Without the pictures, write out every entry that follows exactly.

Image-text web data
+++

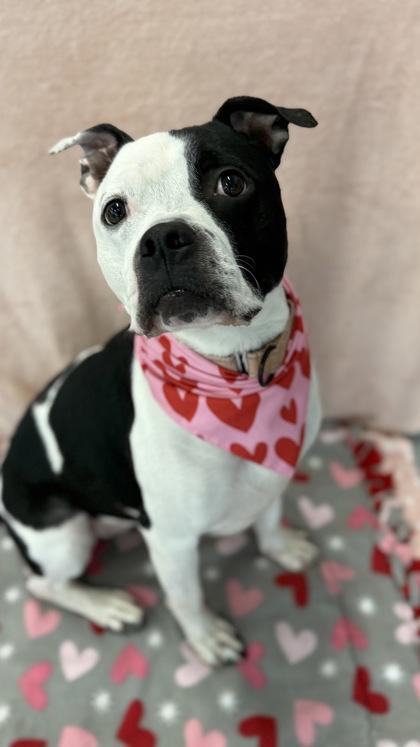 Olive, a Adoptable mixed breed in Valley View, OH image 3/3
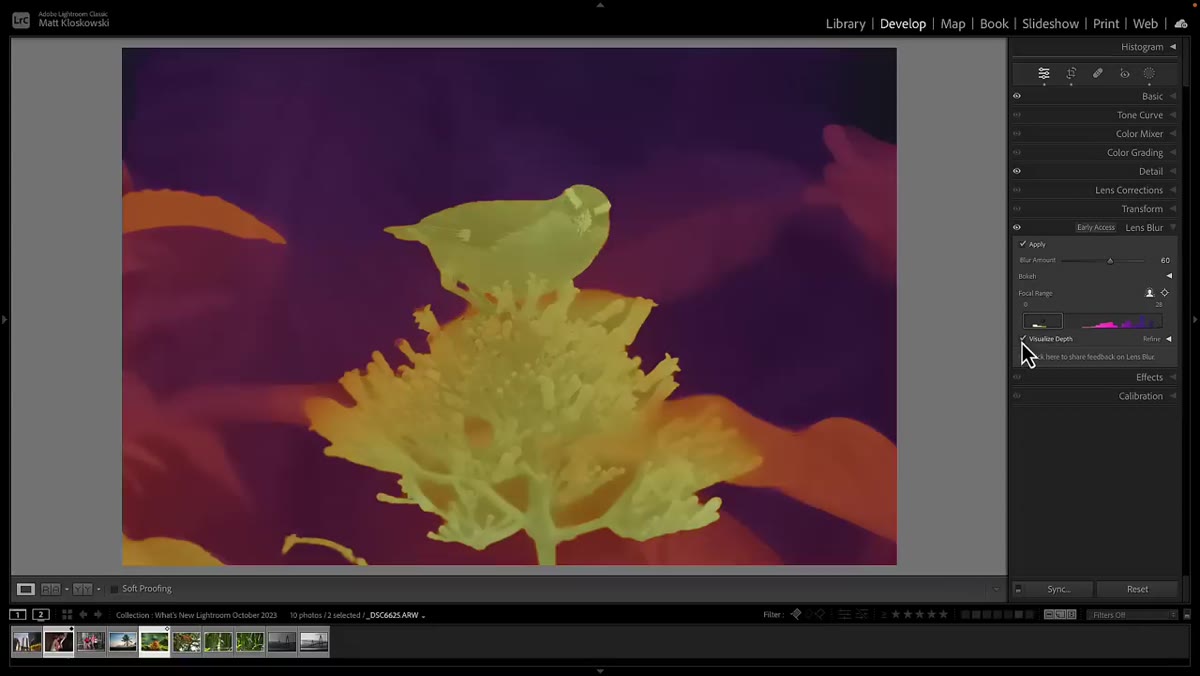 Visualize depth map overlay showing color-coded distance information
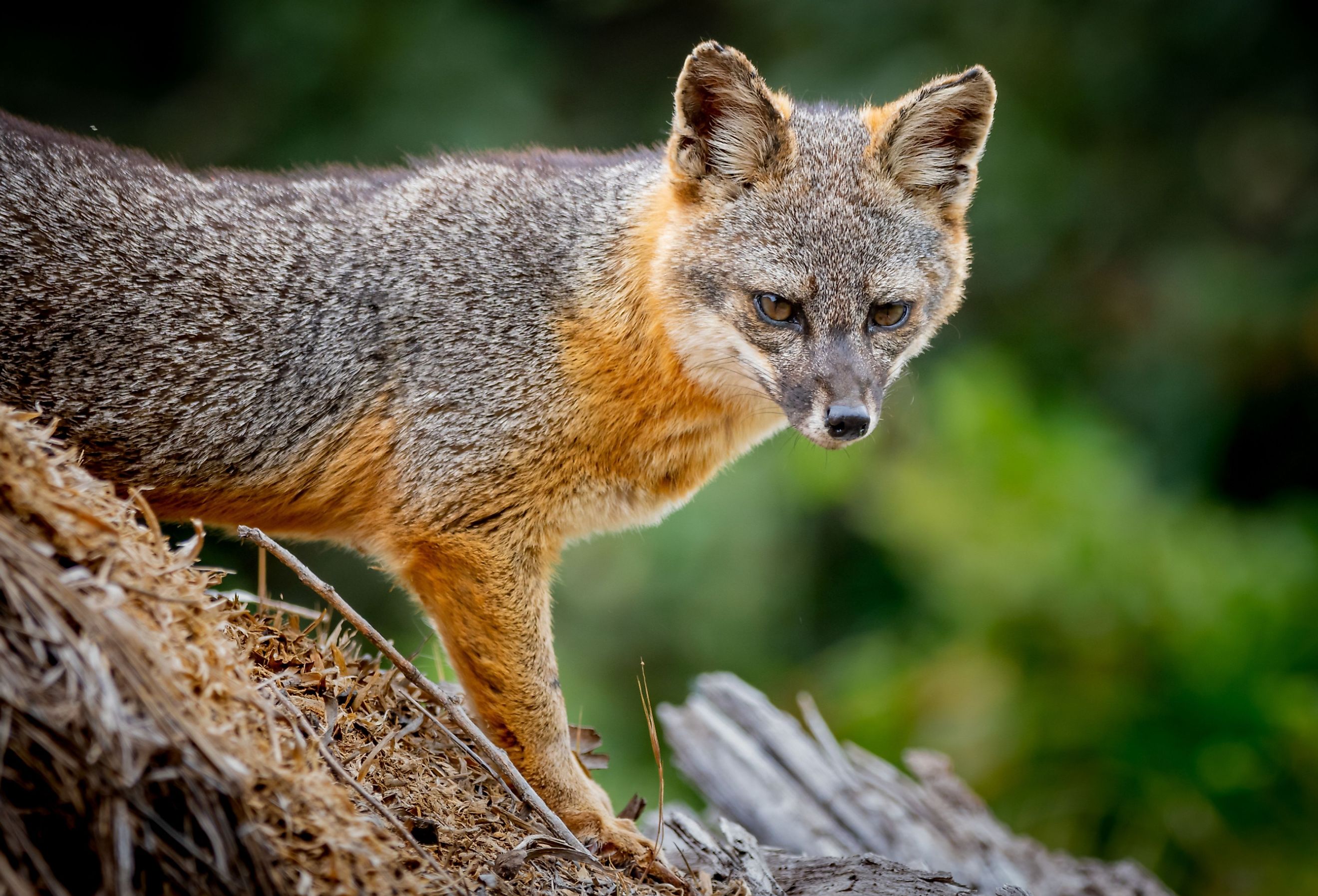 Close-up image of an island fox (Urocyon littoralis) posing on Santa Cruz Island.
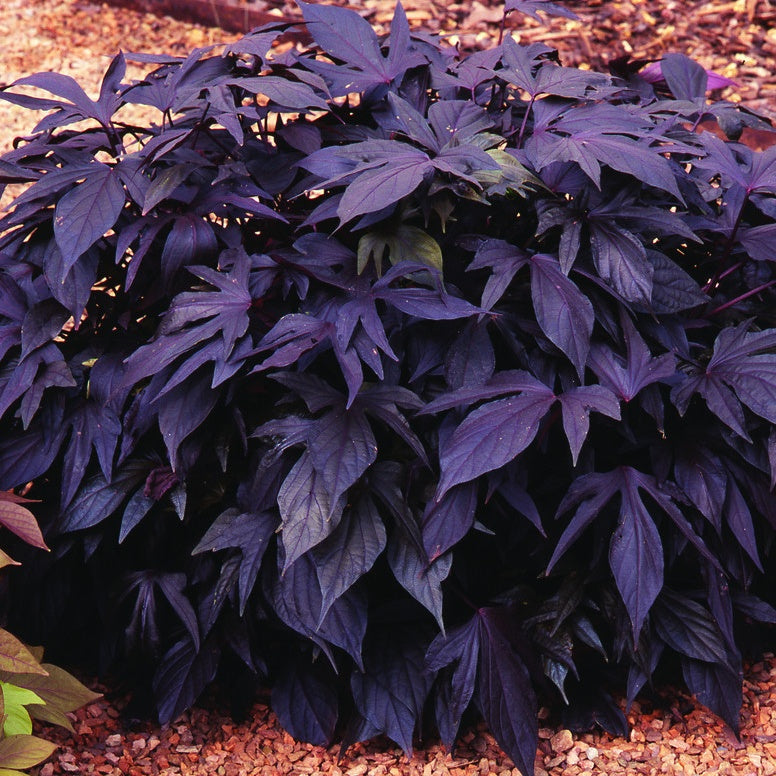 Bakker Ipomées Sweet Caroline Purple plante 3 pots 10.5cm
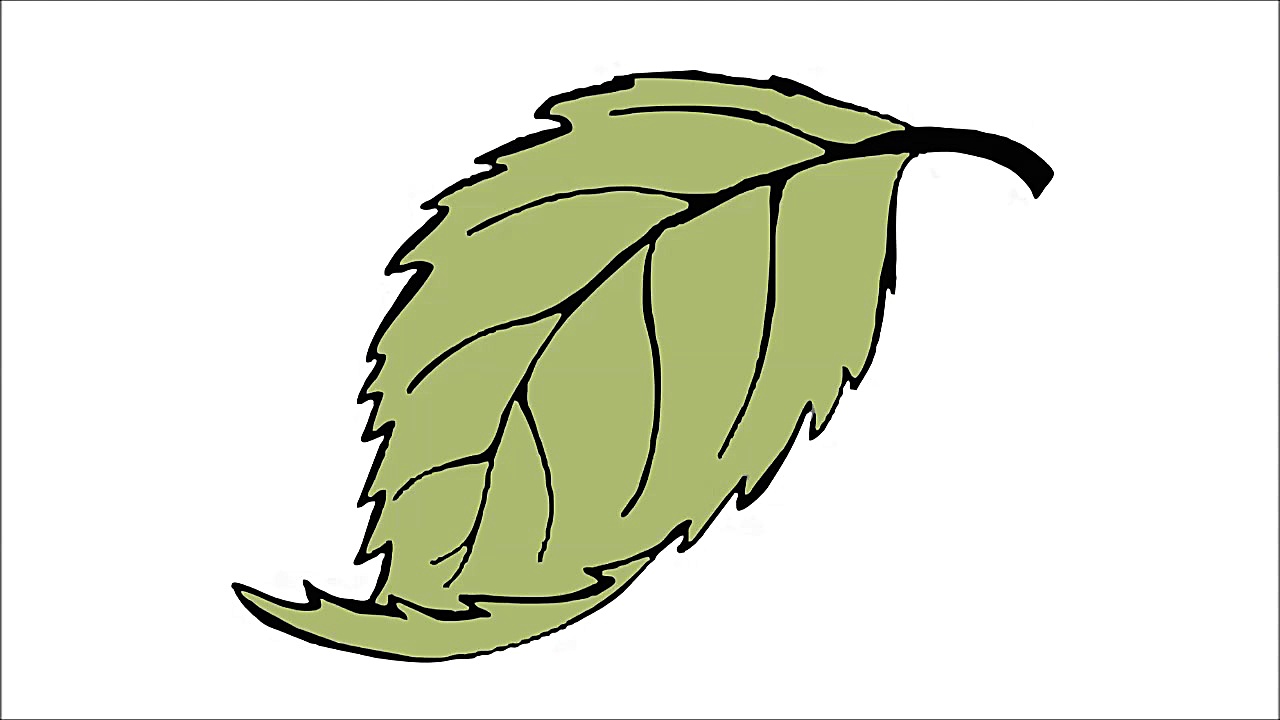 How to Draw a Leaf (tree)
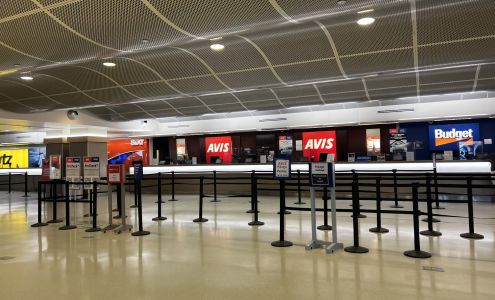 Avis Car Rental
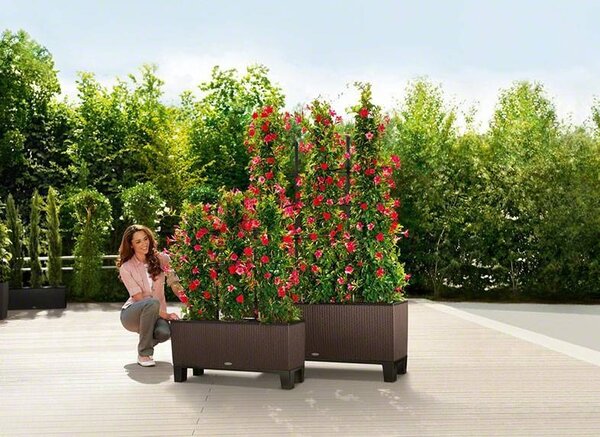 LECHUZA TRIO Cottage moka LECHUZA TRIO Cottage moka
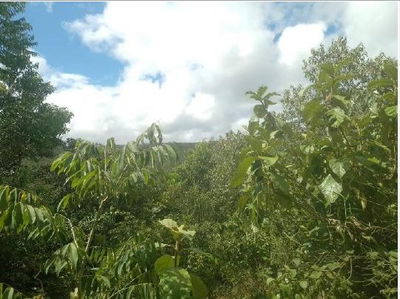 Terreno Rural Desocupado em Itamarandiba - 79,6140ha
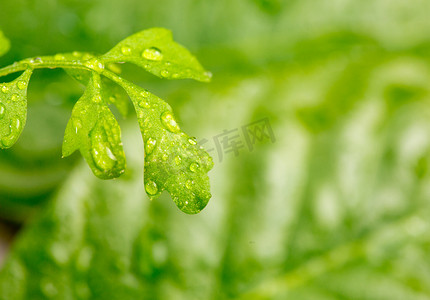 清新自然叶子摄影照片_雨水谷雨水滴植物自然摄影图配图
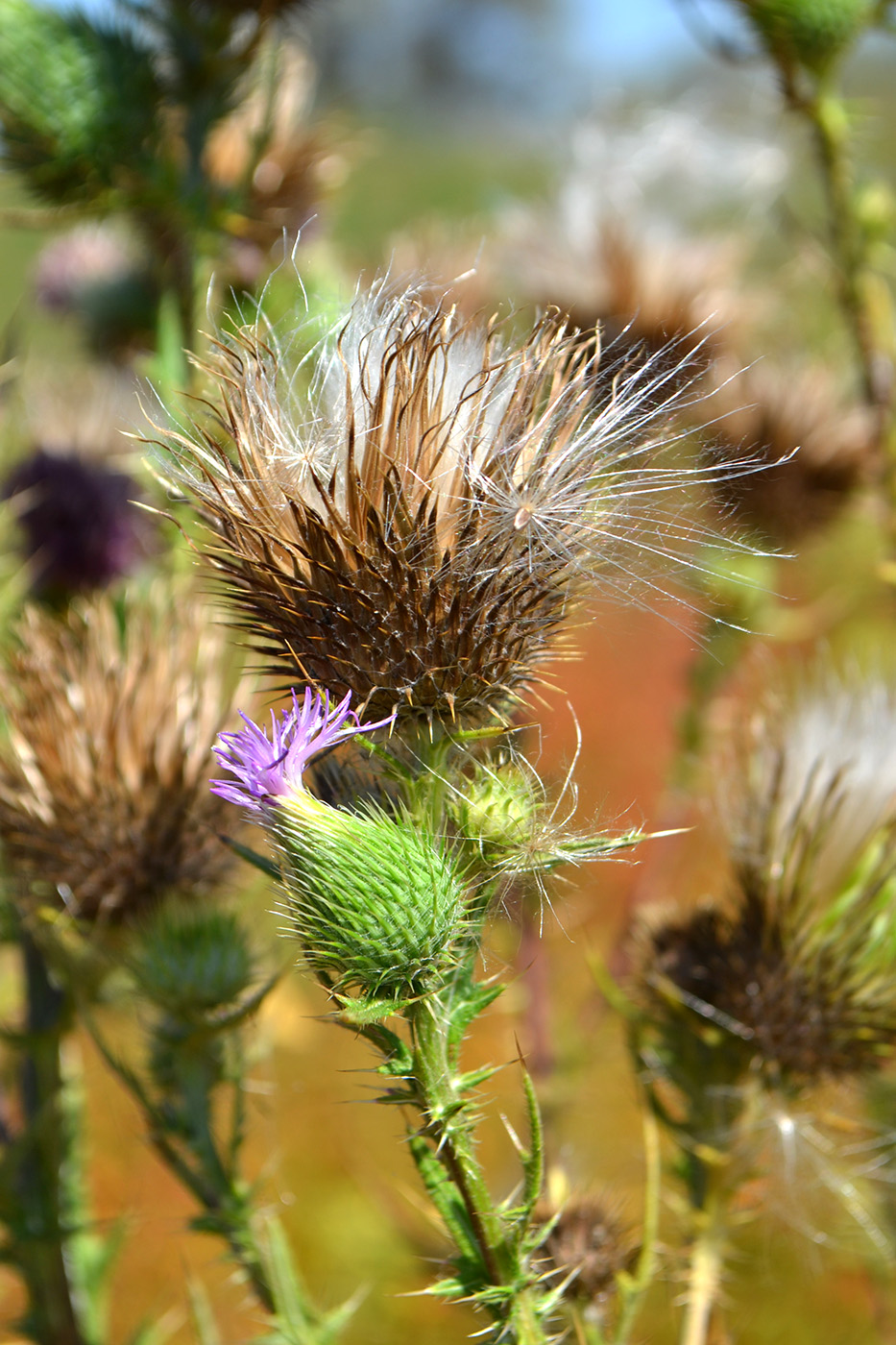 Image of Cirsium vulgare specimen.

+++

▶ _Solution to the problem_
 Olive, a Adoptable mixed breed in Valley View, OH image 3/3
 Visualize depth map overlay showing color-coded distance information
 Close-up image of an island fox (Urocyon littoralis) posing on Santa Cruz Island.
 Bakker Ipomées Sweet Caroline Purple plante 3 pots 10.5cm
 How to Draw a Leaf (tree)
 Avis Car Rental
 LECHUZA TRIO Cottage moka LECHUZA TRIO Cottage moka
 Terreno Rural Desocupado em Itamarandiba - 79,6140ha
 清新自然叶子摄影照片_雨水谷雨水滴植物自然摄影图配图
 Image of Cirsium vulgare specimen.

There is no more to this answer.